■ **INSTRUCTIONS TO FOLLOW**
The result should be an exact copy of every record, with no pictures kept.
Content starts
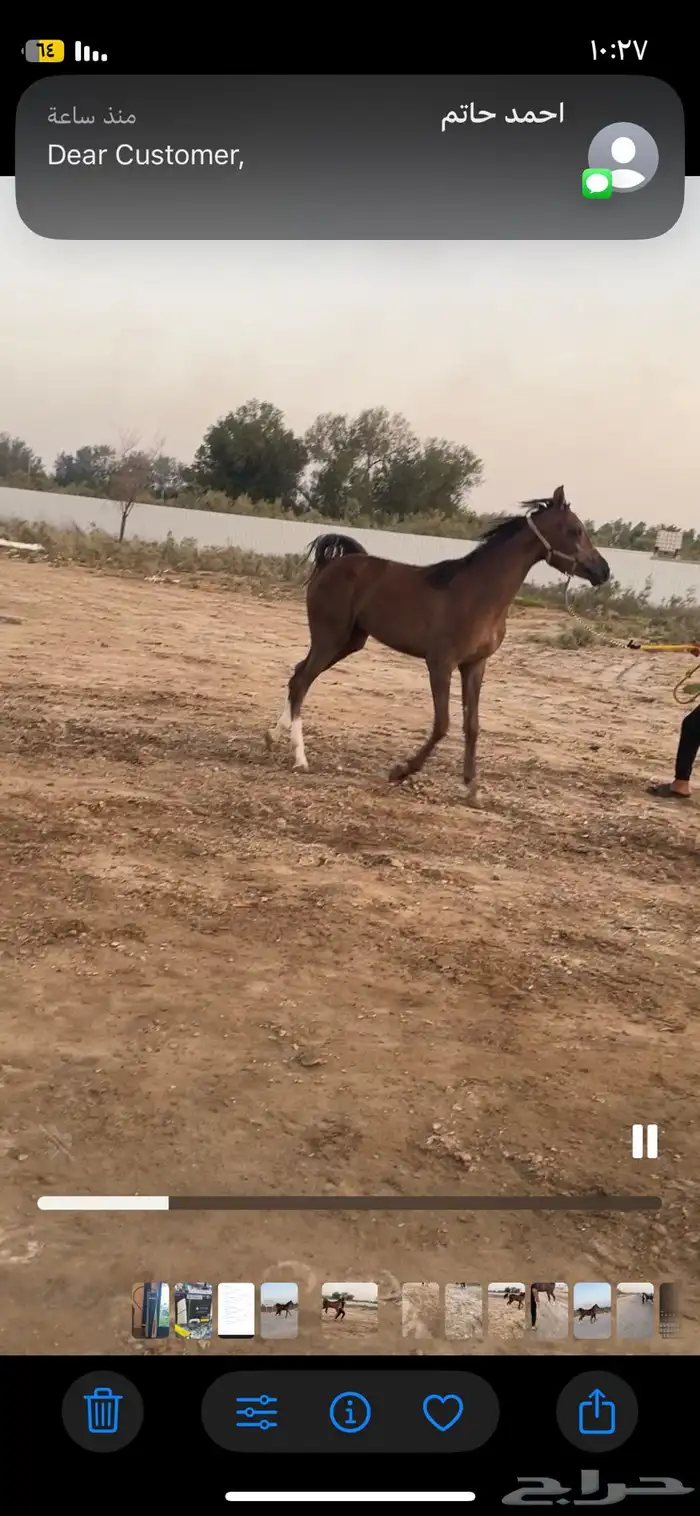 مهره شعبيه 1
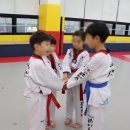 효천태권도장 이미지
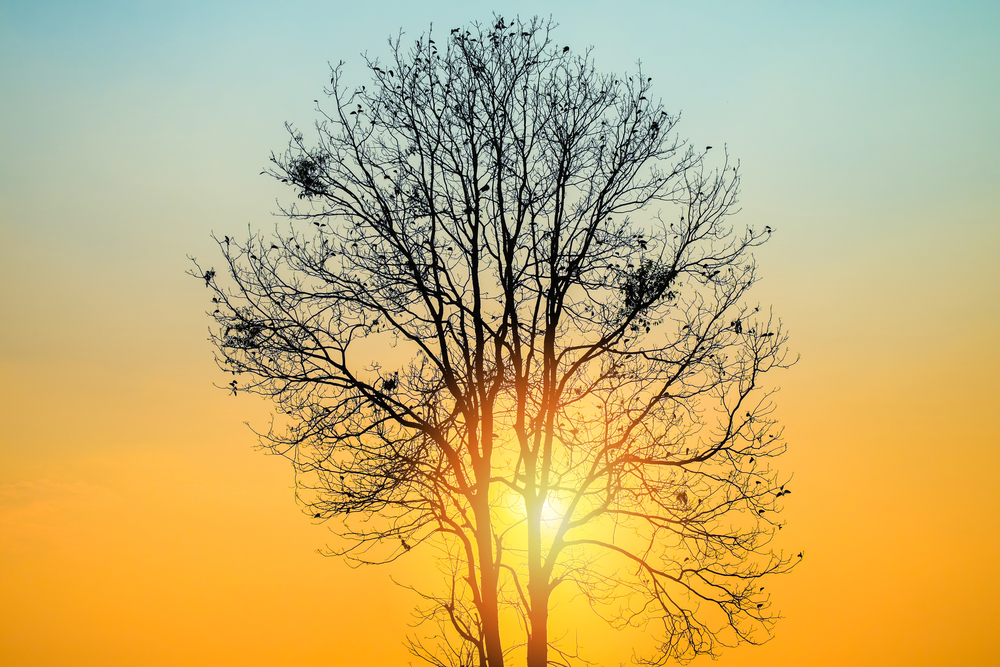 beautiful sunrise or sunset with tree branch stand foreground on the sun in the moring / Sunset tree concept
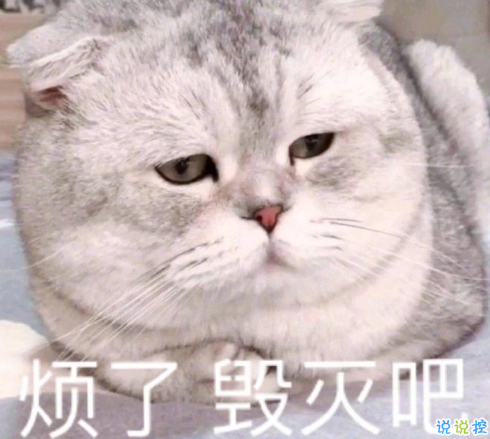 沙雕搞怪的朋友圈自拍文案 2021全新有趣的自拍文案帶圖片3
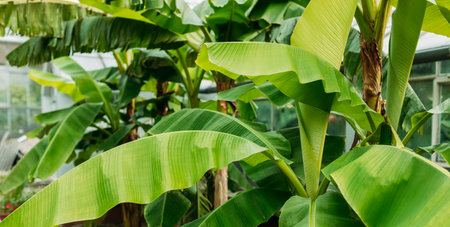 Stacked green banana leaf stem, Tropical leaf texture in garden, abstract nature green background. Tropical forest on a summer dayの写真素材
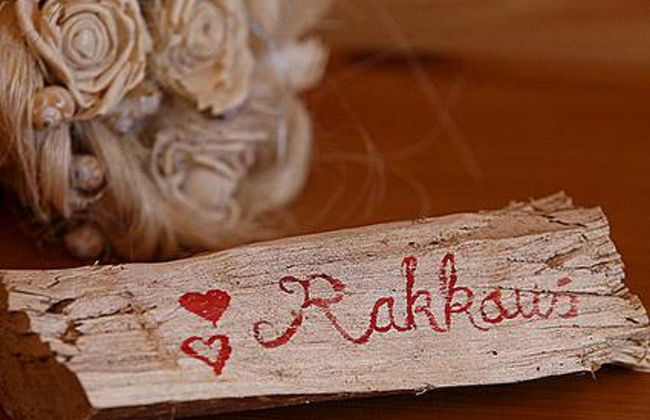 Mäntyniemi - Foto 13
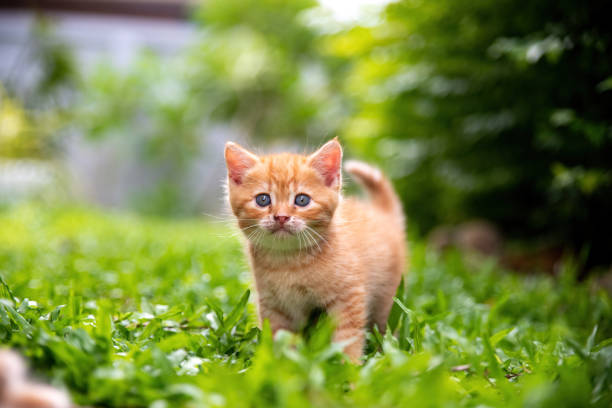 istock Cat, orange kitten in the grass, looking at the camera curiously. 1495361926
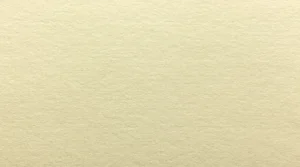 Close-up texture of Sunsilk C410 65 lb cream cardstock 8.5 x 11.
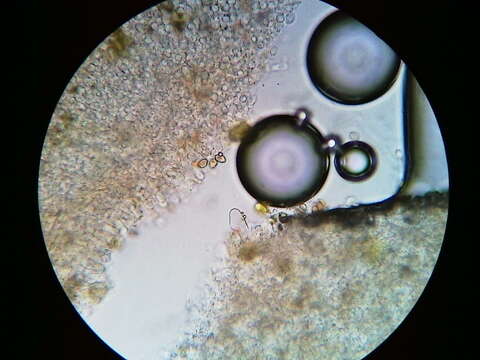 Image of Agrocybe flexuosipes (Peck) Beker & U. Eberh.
Content ends
■ **RESPONSE TO THIS EXERCISE**
 مهره شعبيه 1
 효천태권도장 이미지
 beautiful sunrise or sunset with tree branch stand foreground on the sun in the moring / Sunset tree concept
 沙雕搞怪的朋友圈自拍文案 2021全新有趣的自拍文案帶圖片3
 Stacked green banana leaf stem, Tropical leaf texture in garden, abstract nature green background. Tropical forest on a summer dayの写真素材
 Mäntyniemi - Foto 13
 istock Cat, orange kitten in the grass, looking at the camera curiously. 1495361926
 Close-up texture of Sunsilk C410 65 lb cream cardstock 8.5 x 11.
 Image of Agrocybe flexuosipes (Peck) Beker & U. Eberh.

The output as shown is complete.